◆ **Your assignment**
Begin your copy at the line with "It's arranged for" in the records below and end it at the line with "Hi everyone and", restating each line word for word; omit the pictures.

── Study material ──

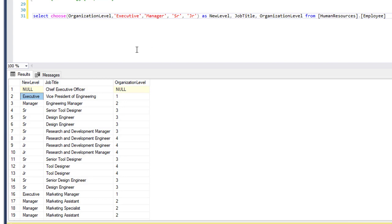Another great use of the CHOOSE statement is with hierarchical data. You can use the CASE statement for this too, but CHOOSE is more shorthand and easier to read. That is it for SQL literals and the CHOOSE function.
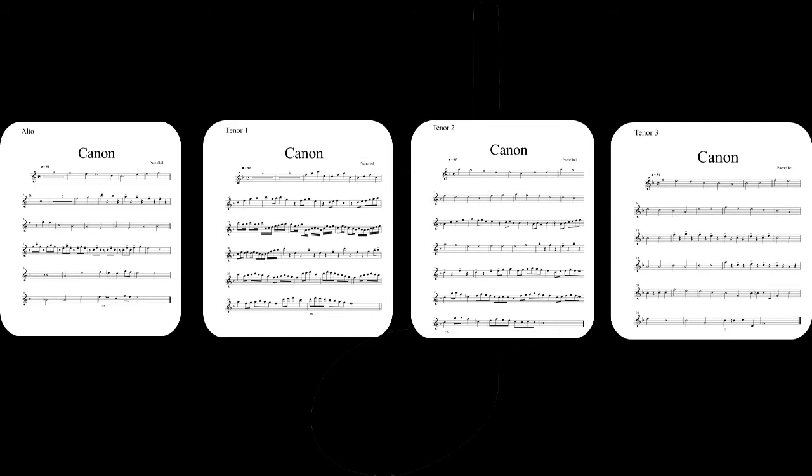It's arranged for alto, tenor, tenor, tenor. And tenor one is kind of the lead one and the rest of them are the support parts. So if you are the teacher, I would take tenor one. And here it is, you can practice with it. Here's a little demo of it for you. Enjoy and good luck.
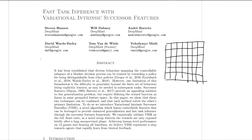Fast Task Inference with Variational Intrinsic Successor Features, or VISOR for short. This is one of my personal favorite papers that I've read recently, because it uses two very neat ideas within reinforcement learning and combines them to come up with a really neat idea that essentially allows generalization of knowledge to learn new tasks incredibly quickly.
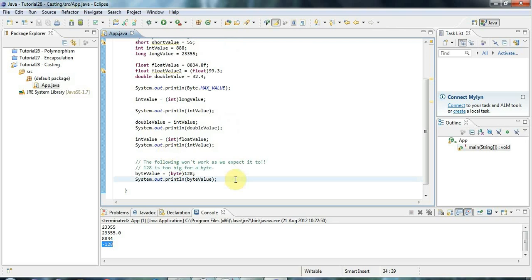That's it for this tutorial. In the next tutorial we'll look at upcasting and downcasting — building on this to explore when you can convert from one object type to another, which is possible when there's a parent-child relationship between the classes.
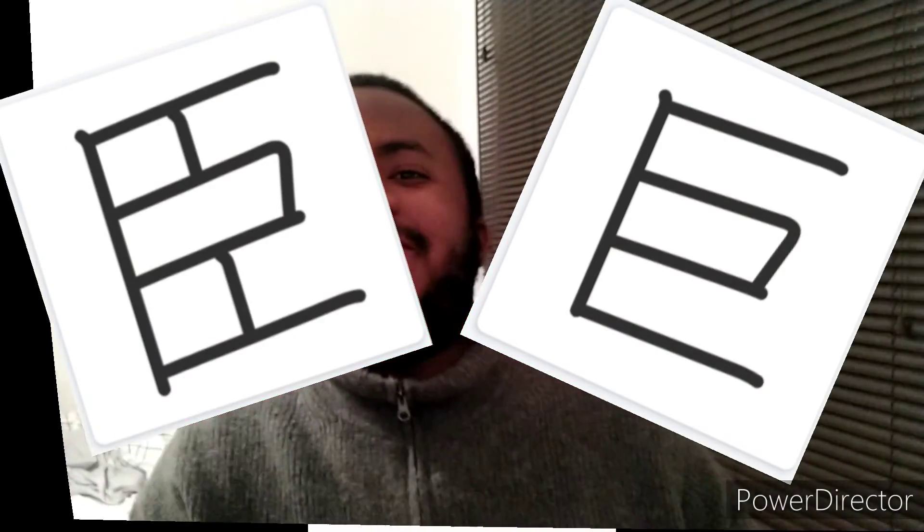Welcome back to Watch Out For That Kanji with your boy Damo Tendo and today we're gonna be talking about two kanji, Jean and Kyo. Let's get into it.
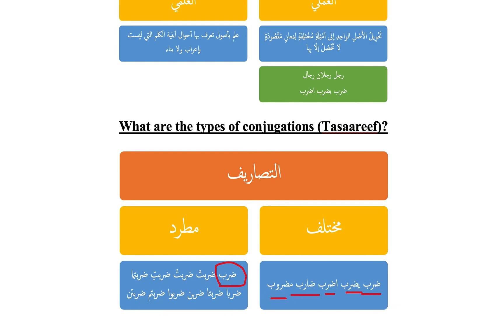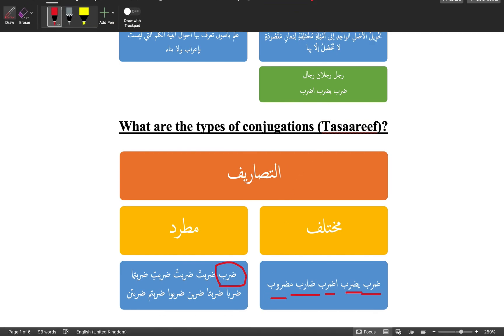Wa Allahu a'lam. Subhanaka Allahumma wa bihamdika, ashhadu an la ilaha illa anta, astaghfiruka wa atubu ilayk. Wa assalamu alaikum wa rahmatullahi wa barakatuh.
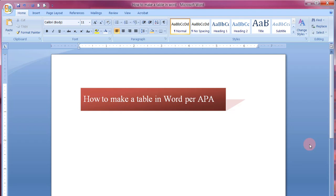Hi everyone and welcome to this video on how to make a table in Word per APA guidelines. I'm making this video for my research class right now, but hopefully it can be helpful to others as well.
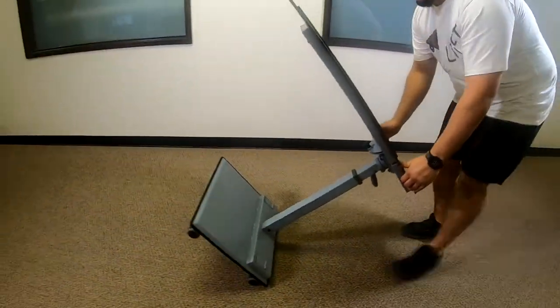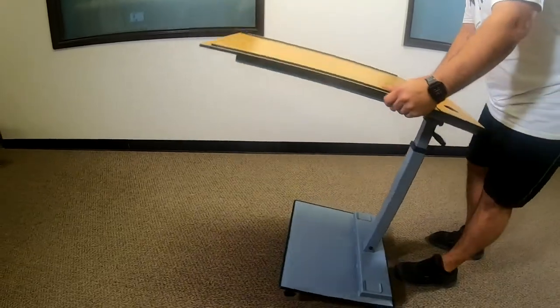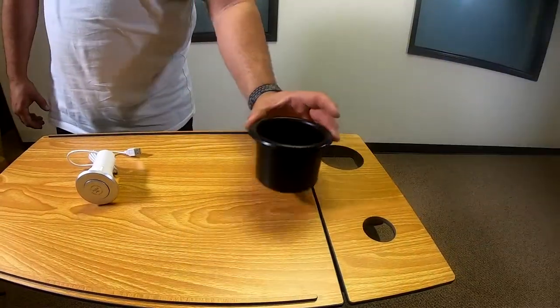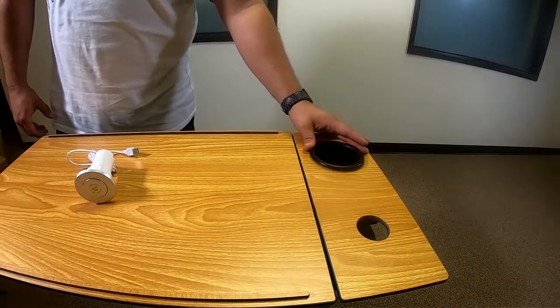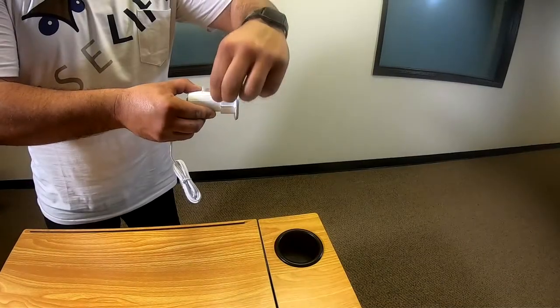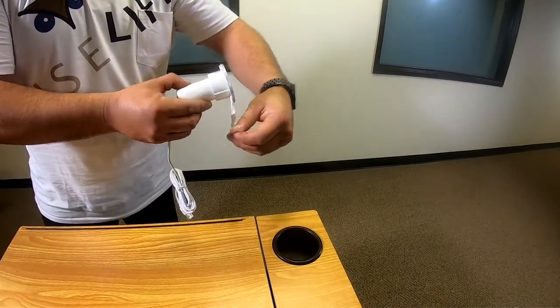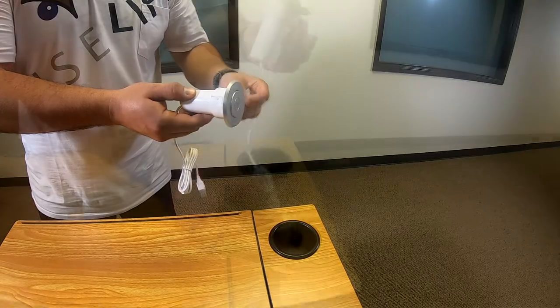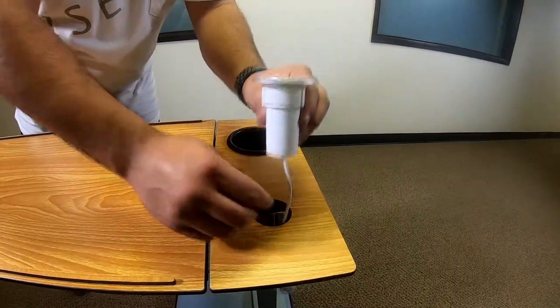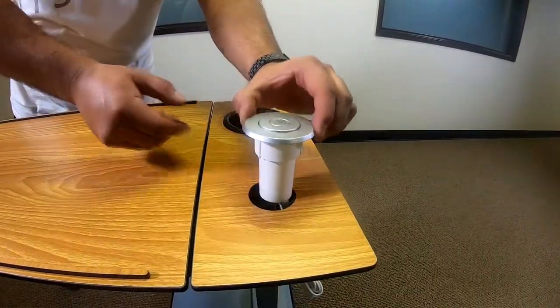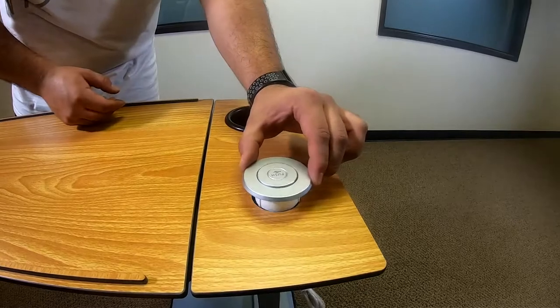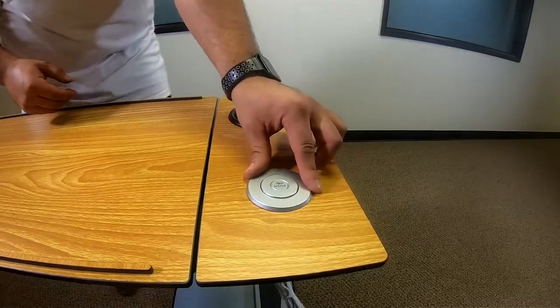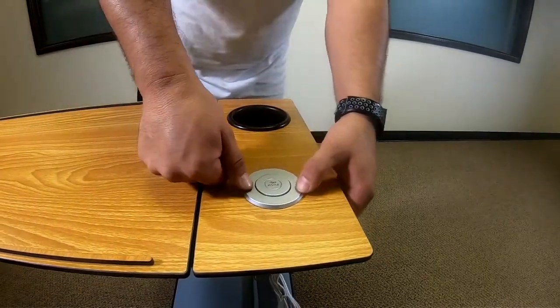Carefully stand the table upright. Insert the drink holder into the large cutout in the table top. Remove the adhesive from the charging station mounting plate. Insert the cable and then the charging station through the small cutout. Press firmly around the edges of the mounting plate to secure it to the table top.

───

◆ **Answer space**
It's arranged for alto, tenor, tenor, tenor. And tenor one is kind of the lead one and the rest of them are the support parts. So if you are the teacher, I would take tenor one. And here it is, you can practice with it. Here's a little demo of it for you. Enjoy and good luck.
Fast Task Inference with Variational Intrinsic Successor Features, or VISOR for short. This is one of my personal favorite papers that I've read recently, because it uses two very neat ideas within reinforcement learning and combines them to come up with a really neat idea that essentially allows generalization of knowledge to learn new tasks incredibly quickly.
That's it for this tutorial. In the next tutorial we'll look at upcasting and downcasting — building on this to explore when you can convert from one object type to another, which is possible when there's a parent-child relationship between the classes.
Welcome back to Watch Out For That Kanji with your boy Damo Tendo and today we're gonna be talking about two kanji, Jean and Kyo. Let's get into it.
Wa Allahu a'lam. Subhanaka Allahumma wa bihamdika, ashhadu an la ilaha illa anta, astaghfiruka wa atubu ilayk. Wa assalamu alaikum wa rahmatullahi wa barakatuh.
Hi everyone and welcome to this video on how to make a table in Word per APA guidelines. I'm making this video for my research class right now, but hopefully it can be helpful to others as well.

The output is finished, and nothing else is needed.